I paint the flowers as though photography doesn’t exist. And there’s no deliberate plan, I don’t have a strategy for singling out some of the flowers and subordinating others. It does tend to work out that way at first, but the plan — if there is one — is subliminal. I use the bee plan: I flit from flower to flower.
I just pick a starting point and begin describing locations and shapes. Afterwards my attention goes willy nilly where it will.
I’ve taken lots of photographs — and may take even more since the photographs are like free flowers (and you never know when you’ll need some flowers). But this direct, unscripted connection to the flowers painted from life is wonderful. From the various studies, I’ll later choose whatever seems best, and those arrangements will become the bouquet that goes into the big painting. I keep painting until the flowers wilt (or I do).
I’ve never done a painting in quite this way before so it’s intriguing. It’s also emotionally satisfying. I contemplate all the objects separately, getting to know them, before combining them into the big scene.

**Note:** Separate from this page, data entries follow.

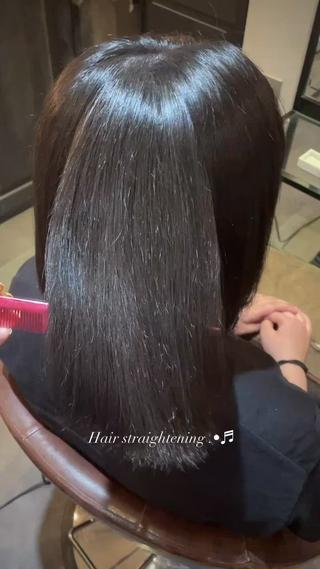 Menu

縮毛矯正＋3stepトリートメント　　-¥4000-


ドライヤーで乾かしただけでツヤ感がしっかり出てくれます.•♬
 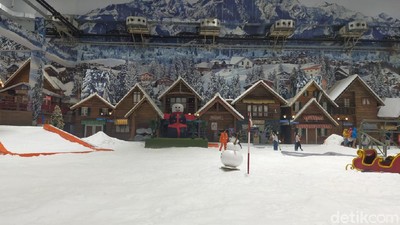 Potret Hari Pertama Trans Snow World Bekasi Buka Lagi
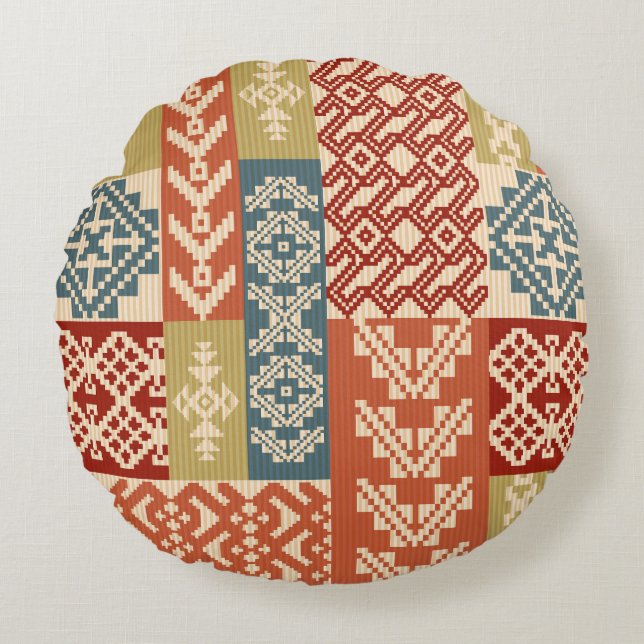 Geometric Patchwork Ethnic Seamless Pattern Round Pillow (Front)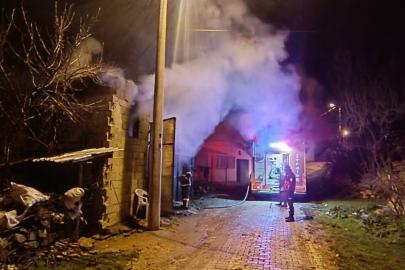 Uşak’ta samanlıkta çıkan yangında 5 koyun telef oldu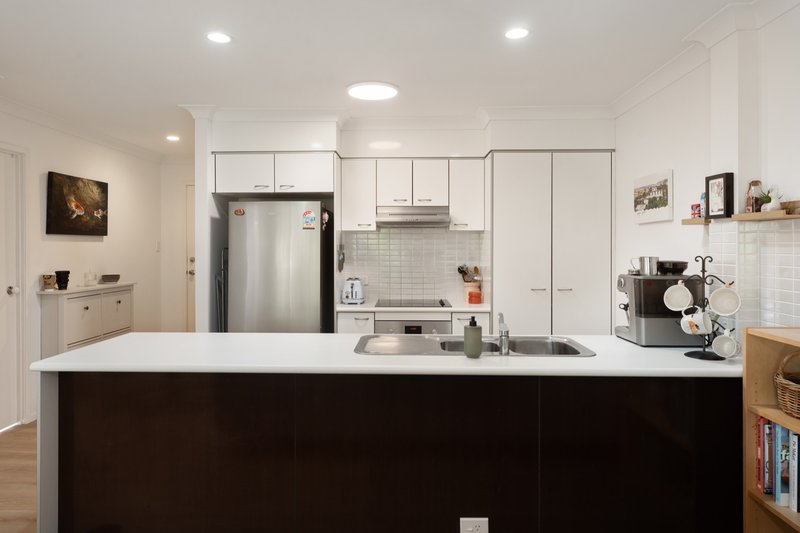 Photo - 28/50 Joyce Cres , Bracken Ridge QLD 4017 - Image 6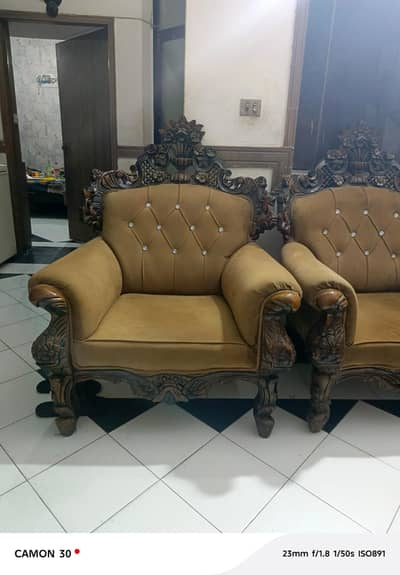 chinioti Sofa set just like new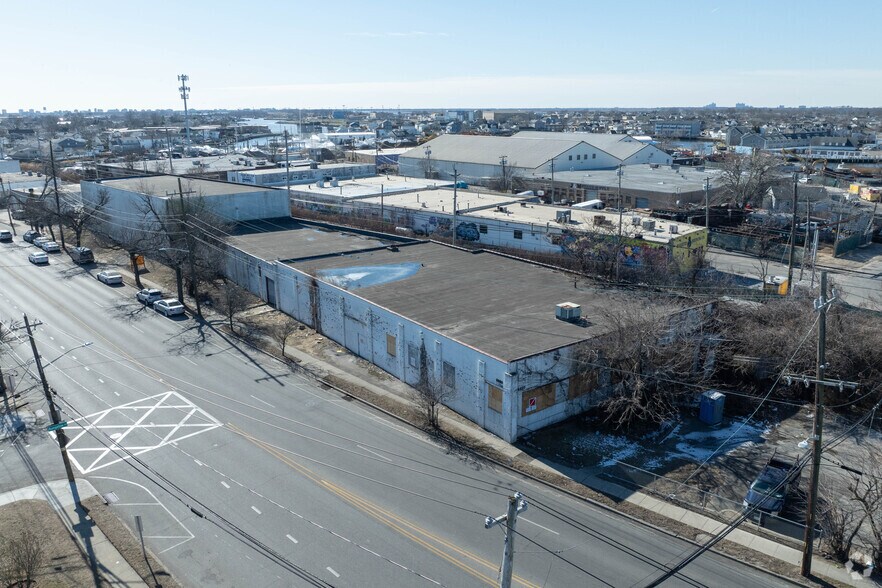 More Photos Of 3000 Lawson Blvd, Oceanside Warehouse For Lease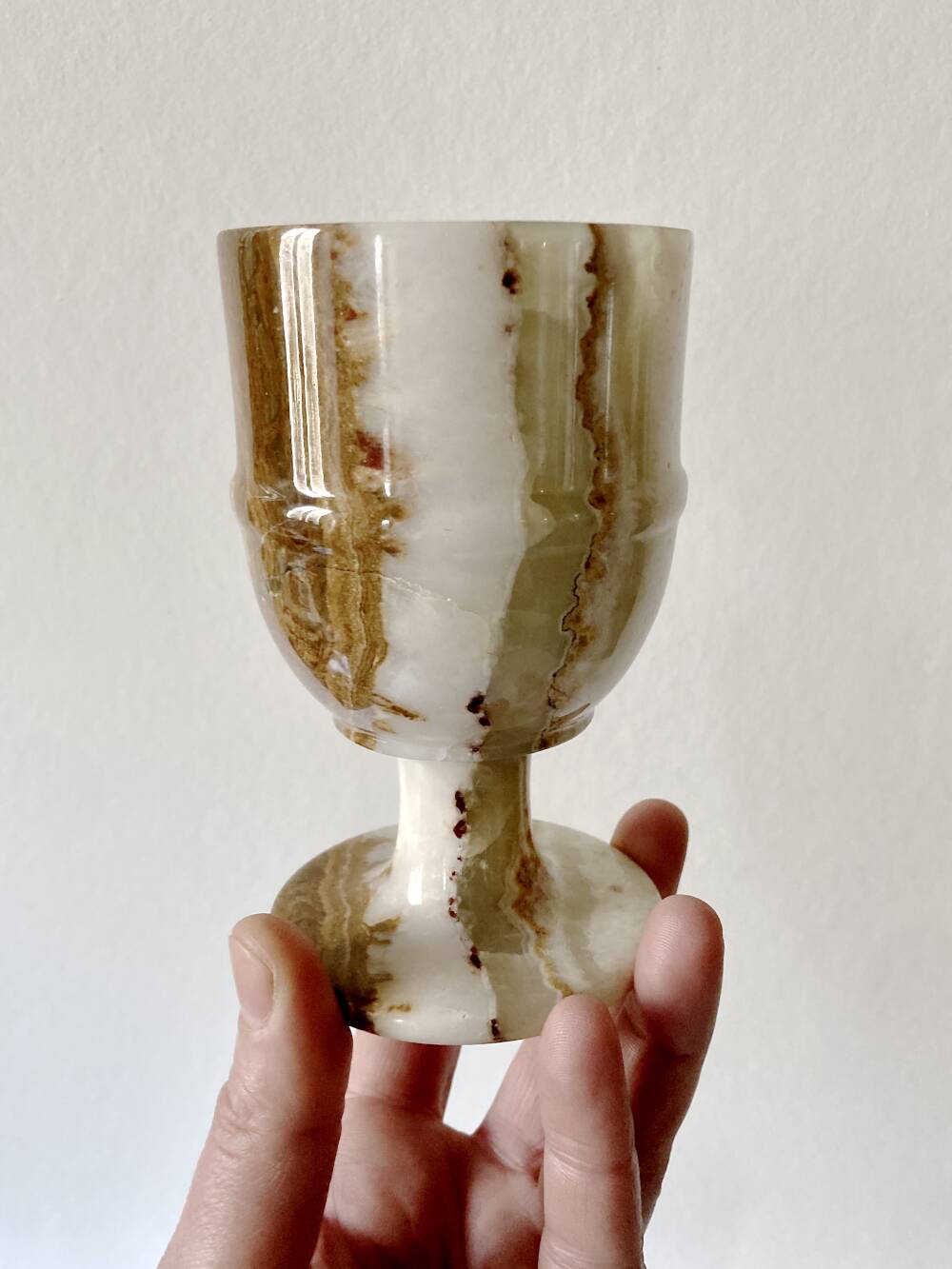 6 footed glasses in alabaster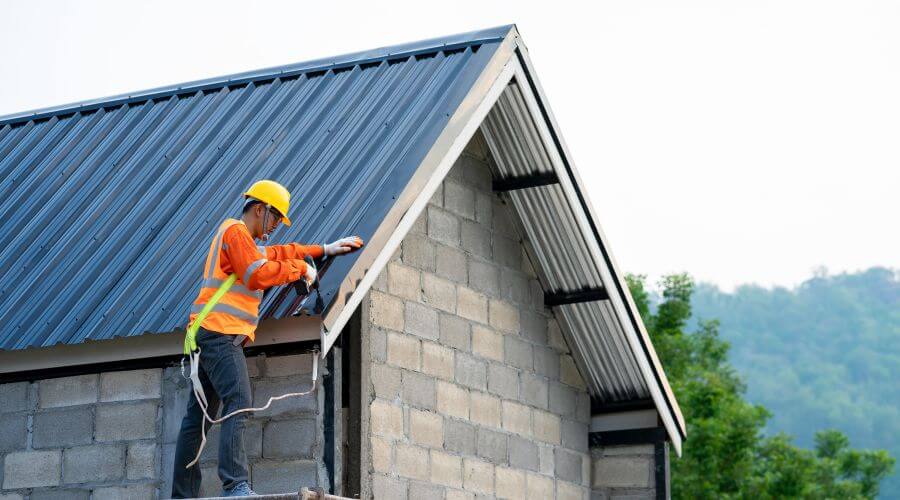 Professional residential roofers in Morton, IL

So there’s a question of light — what will be the lighting of the final picture? Will it be specific and generalized, both at once? I’ve been puzzling over the topic a bit. I would offer that approach as characteristic of how my big hero Pierre Bonnard worked. He made a compositional study of his painting motif, one where the objects are lit from behind by the window. That’s the specific part. But afterwards he painted it from imagination and memory, perhaps also by reference to a few drawings (not many, not nearly so many as I make). And he got a consistent seeming image without obsession over whether the particular features were actually like the thing he had observed. And indeed his paintings create a realm of brilliant, dreamlike pseudo-reality.
Here’s one of his studies for the painting that I’m emulating:

Bonnard’s gouache drawing measures a precious 6 x 4 inches (it’s reproduced on page 138 of the Met’s “Pierre Bonnard: The Late Still lifes and Interiors”).
And my oil study in-the-works above measures 24 x 18 inches.
I worked on the study during the day and at night. I noticed only a few really significant differences in lighting (places where shadows fell in one instance and not in the other). Since I can work on the painting effectively enough no matter the light, I am guessing that I don’t need to be especially scrupulous about lighting in the painting itself.
The blue at the top doesn’t relate to the large painting I have planned because actually there’s a second, smaller intermediate painting for which I plan to use the bouquet. That picture has a blue background so I’ve used blue here. But my large, Bonnard inspired painting will have a window behind the flowers thus a surrounding of mostly greens — from the window I found with a view of trees that I found, that I will have found when my “window shopping” is completed.